Stories
Slash Boxes
Comments

SoylentNews is people

posted by n1 on Wednesday August 20 2014, @01:11PM   Printer-friendly
from the internet-never-forgets dept.

Researchers from Columbia University have developed a system called XRay that aims to make why adverts appear on the web more transparent.

The researchers have developed XRay, a new tool that reveals which data in a web account, such as emails, searches, or viewed products, are being used to target which outputs, such as ads, recommended products, or prices. They will be presenting the prototype, which is designed to make the online use of personal data more transparent, at USENIX Security on August 20. The researchers have posted the open source system, as well as their findings, online for other researchers interested in studying how web services use personal data to leverage and extend.

“Today we have a problem: the web is not transparent. We see XRay as an important first step in exposing how websites are using your personal data,” says Geambasu, who is also a member of Columbia’s Institute for Data Sciences and Engineering’s Cybersecurity Center.

We live in a “big data” world, where staggering amounts of personal data—our locations, search histories, emails, posts, photos, and more—are constantly being collected and analyzed by Google, Amazon, Facebook, and many other web services.

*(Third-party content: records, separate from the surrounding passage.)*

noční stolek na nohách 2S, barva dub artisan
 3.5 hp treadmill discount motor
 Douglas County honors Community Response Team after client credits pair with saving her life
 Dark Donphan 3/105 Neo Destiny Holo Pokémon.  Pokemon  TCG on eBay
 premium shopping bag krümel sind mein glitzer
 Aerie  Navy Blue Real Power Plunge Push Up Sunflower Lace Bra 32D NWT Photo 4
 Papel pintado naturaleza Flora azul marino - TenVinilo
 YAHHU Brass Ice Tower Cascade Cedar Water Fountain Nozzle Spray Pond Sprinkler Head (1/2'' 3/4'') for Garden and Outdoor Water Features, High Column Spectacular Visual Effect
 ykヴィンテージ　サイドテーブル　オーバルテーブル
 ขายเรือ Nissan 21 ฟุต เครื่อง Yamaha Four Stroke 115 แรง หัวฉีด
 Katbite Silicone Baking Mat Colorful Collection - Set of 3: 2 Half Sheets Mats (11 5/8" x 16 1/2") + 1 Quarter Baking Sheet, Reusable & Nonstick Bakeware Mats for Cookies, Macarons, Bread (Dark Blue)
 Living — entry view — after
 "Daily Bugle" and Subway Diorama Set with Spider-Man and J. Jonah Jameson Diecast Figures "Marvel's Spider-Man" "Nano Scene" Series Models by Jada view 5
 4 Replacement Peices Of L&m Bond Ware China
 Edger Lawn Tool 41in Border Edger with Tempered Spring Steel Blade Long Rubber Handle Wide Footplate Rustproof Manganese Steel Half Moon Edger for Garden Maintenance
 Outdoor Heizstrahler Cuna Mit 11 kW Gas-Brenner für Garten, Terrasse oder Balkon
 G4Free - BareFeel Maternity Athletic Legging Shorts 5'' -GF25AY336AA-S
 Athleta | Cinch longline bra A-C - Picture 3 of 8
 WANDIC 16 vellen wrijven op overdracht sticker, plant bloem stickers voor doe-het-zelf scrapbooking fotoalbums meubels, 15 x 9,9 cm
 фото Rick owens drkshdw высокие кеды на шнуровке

While harnessing big data can certainly improve our daily lives (Amazon offerings, Netflix suggestions, emergency response Tweets, etc.), these beneficial uses have also generated a big data frenzy, with web services aggressively pursuing new ways to acquire and commercialize the information.

“It’s critical, now more than ever, to reconcile our privacy needs with the exponential progress in leveraging this big data,” says Chaintreau, a member of the Institute for Data Sciences and Engineering’s New Media Center. Geambasu adds, “If we leave it unchecked, big data’s exciting potential could become a breeding ground for data abuses, privacy vulnerabilities, and unfair or deceptive business practices.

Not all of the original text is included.